== Provided material
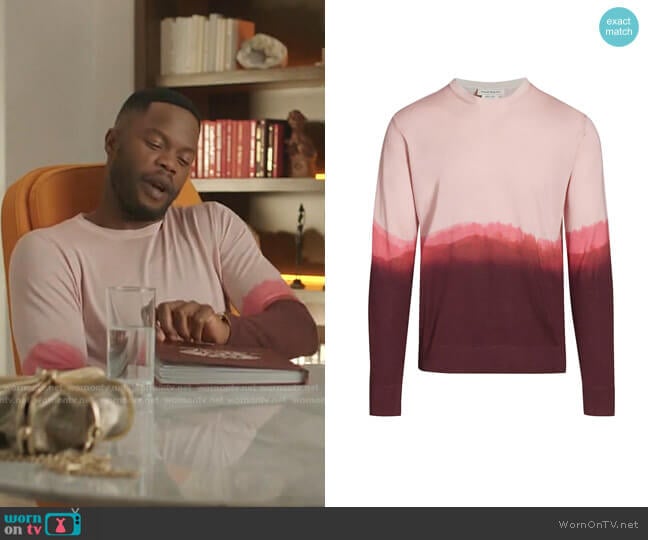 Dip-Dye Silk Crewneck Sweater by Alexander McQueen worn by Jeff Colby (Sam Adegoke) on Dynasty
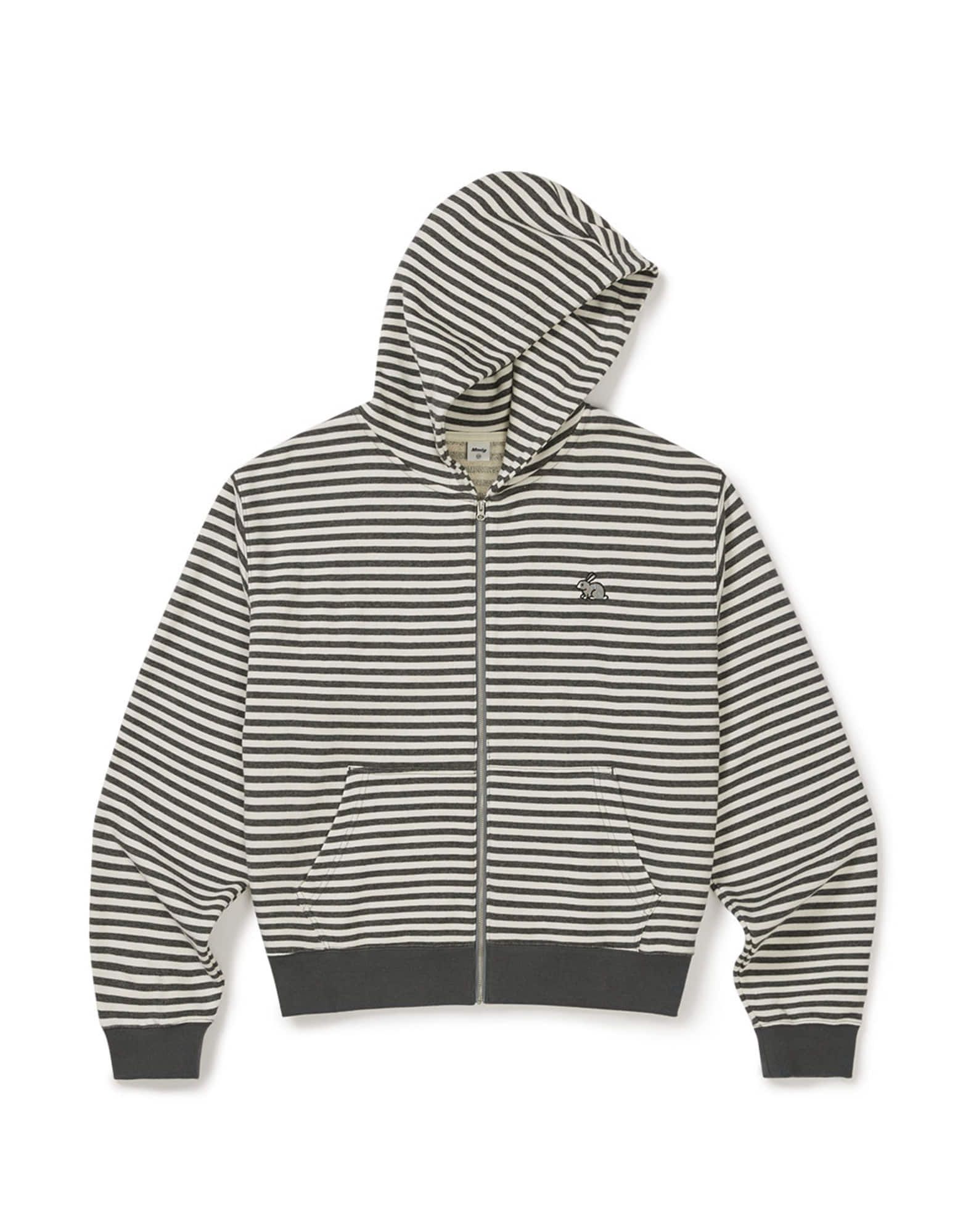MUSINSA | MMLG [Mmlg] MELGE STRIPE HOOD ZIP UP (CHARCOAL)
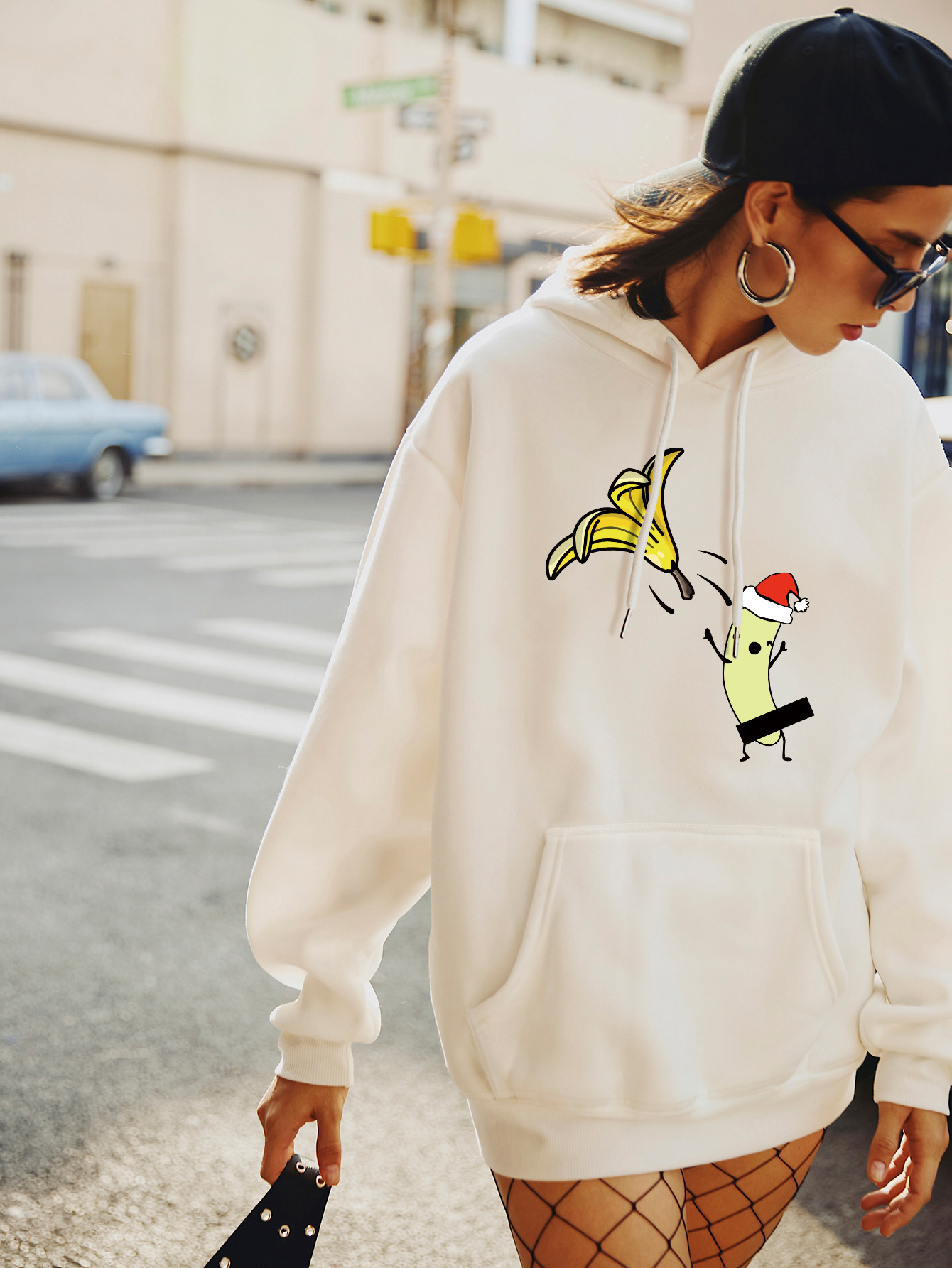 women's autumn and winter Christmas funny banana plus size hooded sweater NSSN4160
====
**What is being asked**. Give back the full listing exactly, with pictures dropped.

**Expected answer**.
 Dip-Dye Silk Crewneck Sweater by Alexander McQueen worn by Jeff Colby (Sam Adegoke) on Dynasty
MUSINSA | MMLG [Mmlg] MELGE STRIPE HOOD ZIP UP (CHARCOAL)
 women's autumn and winter Christmas funny banana plus size hooded sweater NSSN4160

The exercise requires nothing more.